:: Task brief ::
Of the material below, the lines to be retyped are those from the line containing "Hey there, tech-savvy" through the line containing "Hi, I'm Jenny", inclusive; reproduce them exactly.

:: Exercise data ::
Content starts
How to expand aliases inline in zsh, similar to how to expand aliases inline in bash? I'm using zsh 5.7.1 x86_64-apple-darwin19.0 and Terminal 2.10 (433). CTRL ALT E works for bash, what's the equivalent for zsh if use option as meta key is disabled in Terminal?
Content ends
Content starts
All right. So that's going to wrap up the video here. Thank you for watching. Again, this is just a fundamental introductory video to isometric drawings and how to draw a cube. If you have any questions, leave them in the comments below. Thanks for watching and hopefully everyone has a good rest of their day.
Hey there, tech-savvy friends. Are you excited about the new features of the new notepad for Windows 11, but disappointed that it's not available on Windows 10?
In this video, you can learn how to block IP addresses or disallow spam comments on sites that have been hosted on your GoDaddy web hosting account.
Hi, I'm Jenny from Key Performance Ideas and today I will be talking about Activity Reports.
Content ends
Content starts
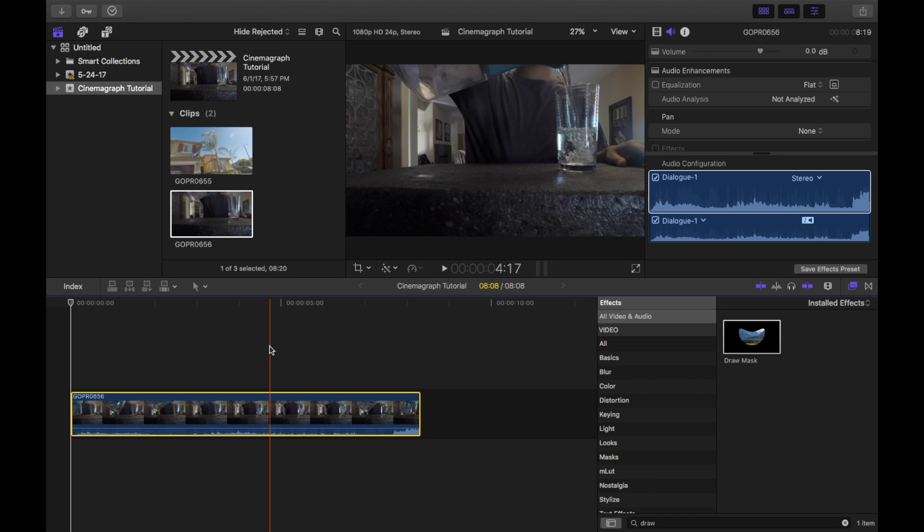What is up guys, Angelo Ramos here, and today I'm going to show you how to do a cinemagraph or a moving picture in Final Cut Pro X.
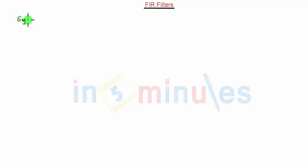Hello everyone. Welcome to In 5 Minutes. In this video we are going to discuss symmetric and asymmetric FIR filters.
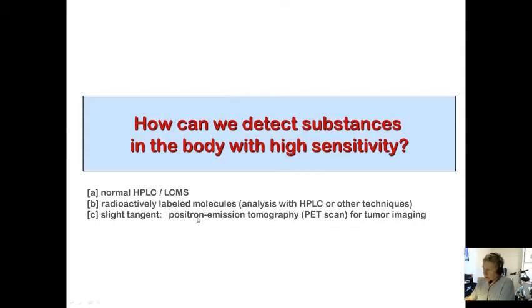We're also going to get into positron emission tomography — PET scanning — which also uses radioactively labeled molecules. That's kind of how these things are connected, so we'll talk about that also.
Content ends
:: Result below ::
Hey there, tech-savvy friends. Are you excited about the new features of the new notepad for Windows 11, but disappointed that it's not available on Windows 10?
In this video, you can learn how to block IP addresses or disallow spam comments on sites that have been hosted on your GoDaddy web hosting account.
Hi, I'm Jenny from Key Performance Ideas and today I will be talking about Activity Reports.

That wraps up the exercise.